このような考え方に対しては、「本判決は、昭和57年判決の立場を再確認し、その基準化の確立をいっそう強めた点」、医療水準につき厚生省研究班報告の昭和50年に発表された「未熟児網膜症の診断ならびに治療基準に関する研究報告」をもって、その具体的内容・時期の一般的基準になることを明らかにしたことに特徴があると指摘する見解(注3)、さらには「未熟児網膜症につき医療水準の具体的内容を明らかにした判例とみられる」との見解(注4)もあるが、本件判決は注意義務の基準という医療水準に関する一連の判決の流れには連ならず、経験不足で未熟な医師に過失を肯定する前提として、厚生省研究班報告の一般的基準の認識を認めた事案であると解されるべきである。
(注1)稲垣喬・民商94巻2号270頁は、「本判決は、判文上も、かかる医療水準に関する一般的命題を提示する手法によらず、改めて、『失明等の危険の発生を未然に防止すべき注意義務』を定立し、事案との兼ね合いにおいて、伝統的な過失判定における注意義務構成に依拠して、これを処理しているようにもみうけられ、この意味で、最高裁が原則的義務違反宣言をした最判昭和36年2月1日のいう医療機関についての『危険防止のために実験上必要とされる最善の注意義務』への強い帰還の姿勢を示しているかのような観を呈している。
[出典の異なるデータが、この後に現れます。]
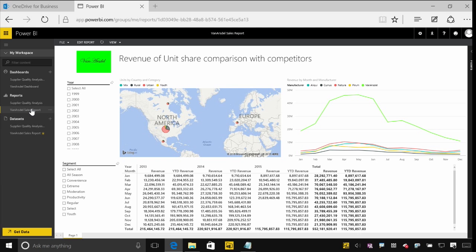So any changes to the reports or refreshes to the data will get picked up by OneDrive and get pushed into Power BI as well. And you'll still see it through that version history. So this is really a sort of best practice for how you can use OneDrive for Business and Office 365 groups to manage and collaborate amongst a group of people on Power BI content.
」とし、「経験が浅く、未熟児医療における診療の延長としての院内外における適切な受診療を指示する義務の履践がなかったという次元で、注意義務違反の存否の判断をしている点にその特色が」あるとする。
(注2)坂出市立病院事件第一審昭和53年3月31日高松地裁丸亀支部判決(判時908号82頁)は、「当該医師の過失の前提となる注意義務について、その当時の通常の医師における臨床医学の水準的知識(中略)がまず基礎とされるべきである。(中略)日進月歩の医学の研さんに努めている通常の医師によってそのようなものとして当時認識されていた臨床医学の水準(以下『医療水準』という。)をもって、まず注意義務の判断の基準となすべきである」と判断している。同判決は、最先端の医学知識を基礎とすべきではないという趣旨で「通常の医師」を基準とすべきであると判示しているが、未熟で経験不足の医師を基準とすべきではないことも当然に含んでいると理解される。
八幡病院事件昭和63年1月19日最三判における伊藤正己補足意見は、医療水準は「専門家としての相応の能力を備えた医師が研さん義務を尽くし、転医勧告義務をも前提とした場合に達せられるあるべき水準として考えられなければならない。」と述べる。